Regarding the effect of geological forces on Ancient tech, our heroes by definition wouldn't have access to those pieces that are affected. If the tech is buried, so is the local gate.

But what looks like inert rock, or rock that only moves mechanically, in the general case controls machinery that can move things between stars, or shift time, or stuff like that. Surely such technology could be rigged to self-protect against mere mechanical forces, too. The local bedrock may be stone-tech, too, riding securely on the surrounding natural rock no matter what upheavals affect the site.

It doesn't bode well for these pieces of stone-tech, though, that they tend to shake apart like standard masonry when our heroes misset the controls and create a local earthquake. If a minor disturbance like that is enough to topple the stone pillars and crack the tablets, then their self-protection tech isn't worth much.

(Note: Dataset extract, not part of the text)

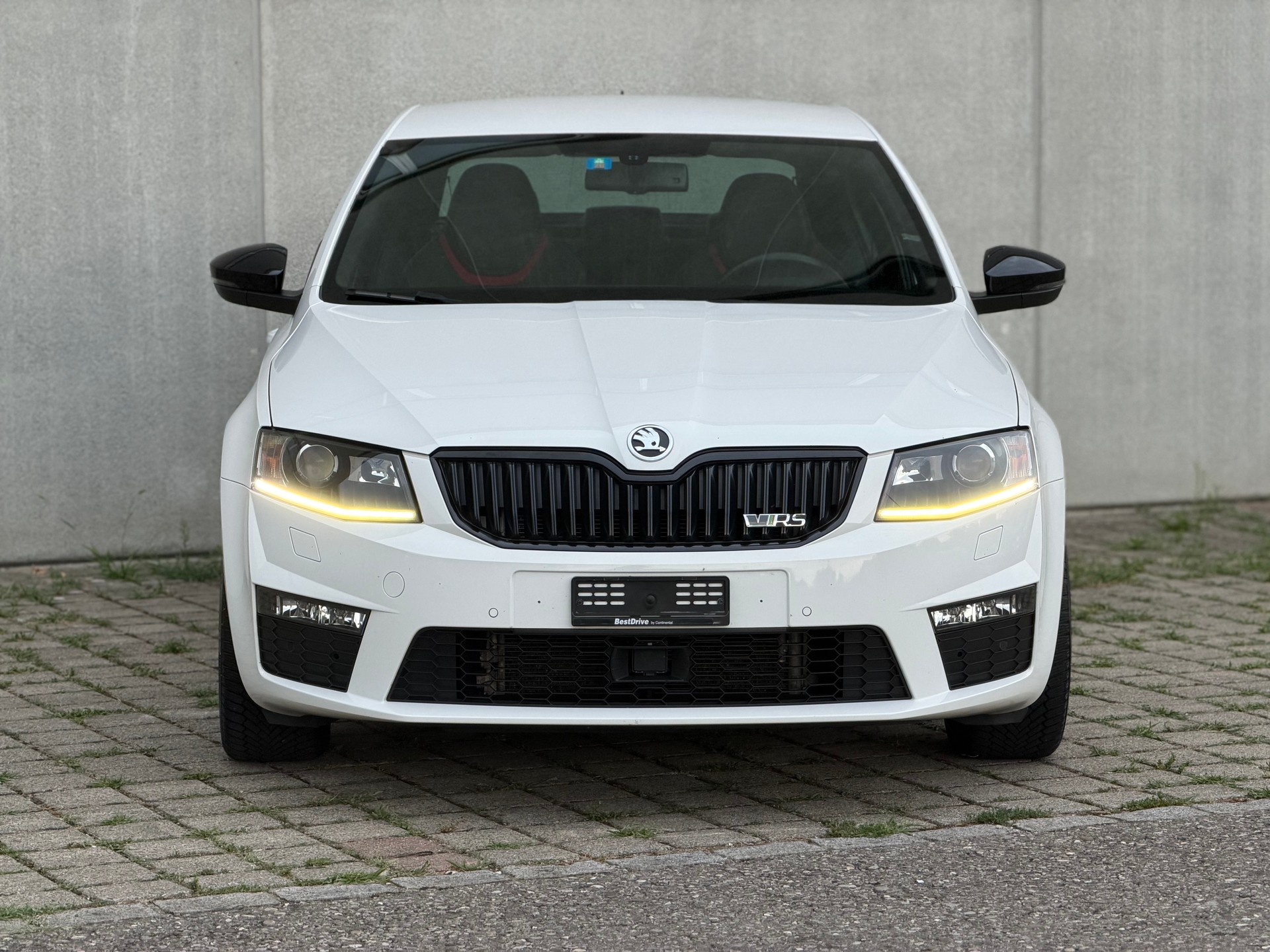 SKODA Octavia 2.0 TDI RS DSG-showroom-element-2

OTOH, perhaps our heroes always manage to catch these things at their final stage of degradation, when their self-protection systems are already failing and their functionality is nearly gone as well. Strike that, it's obvious that this is what always happens. A strange coincidence, to be sure... How does mankind hit the exact 100,000 year window when the great machines are at that particular state of disrepair?

Timo Saloniemi
 
Posted by Reverend (Member # 335) on :
 
Maybe the ancient who invented the "Time Jumper", the one who met Weir, is responsible for rigging up some of these tech site to survive to our time, like he did with Atlantis, because he knew roughly how long it would take us to start exploring the galaxy he knew how long these things would have to hibernate for.

Of course the "Four Races Alliance" planet didn't have self protection technology, otherwise it wouldn't have found itself atop a rabidly eroding cliff face. Then there are possibilities like flood, Volcano activity and meteor hit (all of which have been seen) that can't be passively protected against unless of course the devises have a ZPM and an active shield.

Though on the other hand if we suppose that the SGC has only dialled a small percentage of the addresses on the ancient database and only a portion of them are still active then we can presume that what they have stumbled across happens to be on worlds going through a long stable period and/or has had the benefit of Human or perhaps even Asgard Caretakers, at least up until the last few centuries or millennia.